The avocado toast argument, made explicit: young people spend money on small luxuries when they could be saving for a house deposit, and if they redirected those small expenditures they could accumulate the deposit. The version of this argument that involves avocado toast specifically is easy to quantify and the quantification is not favourable to the argument.
A weekly avocado toast brunch at a café costs approximately $20–25 in most cities where housing is expensive. Over a year, this is approximately $1,000–$1,300. In the cities where this conversation is most actively had — Sydney, London, New York, San Francisco — a 20% deposit on a median-priced home in 2024 required somewhere between $130,000 and $280,000. At the most favourable end of the toast savings, diverting the full annual toast expenditure to a deposit fund produces the required deposit in approximately 100 to 215 years, depending on the city. This arithmetic does not close the gap. It does not come close to closing the gap. The avocado toast is not, in any version of this calculation, the variable that determines whether a person can afford a house.
The response “but it’s symbolic, representing a whole pattern of unnecessary spending” encounters the same problem when the full pattern is quantified. A comprehensive audit of millennial discretionary spending — café food, streaming services, gym memberships, clothing, entertainment — produces annual figures in the range of $5,000–$15,000 for people in the relevant age bracket, depending on income and location. Diverting the entirety of this discretionary spending to a house deposit produces the deposit in 10 to 28 years, depending on city, during which period the person has consumed no entertainment, no meals out, no gym membership, and no discretionary anything. The deposit, once accumulated, would purchase a house in a market that has continued to appreciate during the 10 to 28 years of saving. The arithmetic closes somewhat — and the patterns of spending do matter for saving — but the claim that lifestyle spending explains housing unaffordability does not survive contact with the actual numbers.
What Actually Explains Housing Unaffordability
The housing affordability crisis in most Anglophone economies is well-studied and its primary causes are structural rather than behavioural. Understanding them does not make the situation more comfortable but does prevent the misdirection of energy into lifestyle modification as the primary response.
Supply Constraints
The core driver of housing unaffordability in most cities with expensive housing is a constrained supply relative to demand. Zoning laws, planning restrictions, heritage protections, neighbourhood opposition to density, and the political incentives of existing homeowners who benefit from rising property values combine to produce a chronic undersupply of housing in desirable locations. The economics here are straightforward: when supply cannot meet demand, prices rise. The avocado toast does not affect the zoning laws of inner-city Sydney or the planning commission of San Francisco.

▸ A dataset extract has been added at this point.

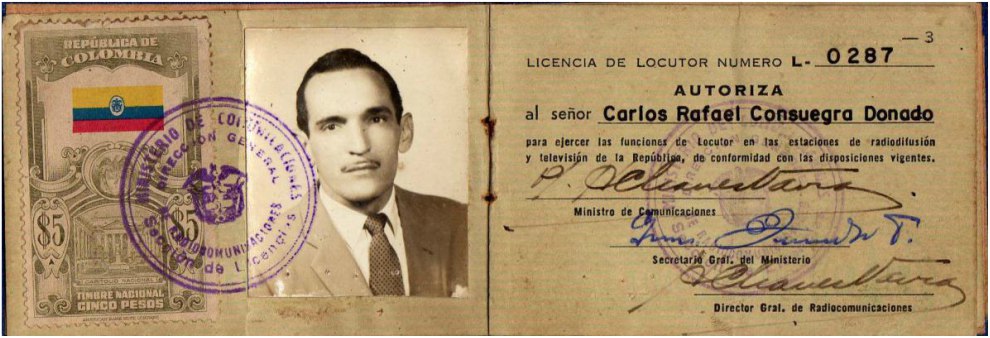 Licencia de locutor de Carlos Consuegra.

The Investment Property Phenomenon
In many markets, housing functions as an investment asset as well as shelter, and the investment function competes with the shelter function in ways that are predictably unfavourable to first-time buyers. In Australia, tax incentives including negative gearing and capital gains discounts make residential property investment financially attractive, concentrating housing ownership in fewer hands and reducing the stock available to owner-occupiers. The person competing with investment buyers for a property is not losing because of their café spending. They are losing because the investment buyer has different financial characteristics and different tax treatment.
Wage Growth and Price Growth Divergence
The ratio of median house prices to median incomes has expanded dramatically since the period in which the previous generation purchased their homes. In most Anglophone cities, this ratio roughly doubled or tripled between the 1980s and the 2020s. The person who tells a young person to simply save harder for a deposit is comparing the savings challenge of the current moment to the savings challenge of the moment they purchased their property — which was a meaningfully different challenge in most markets. The income-to-price ratio was more favourable, interest rates followed a different trajectory, and the entry price relative to typical earnings was substantially lower. This is not presented as a grievance but as a structural explanation: the difficulty is real and is not primarily created by toast.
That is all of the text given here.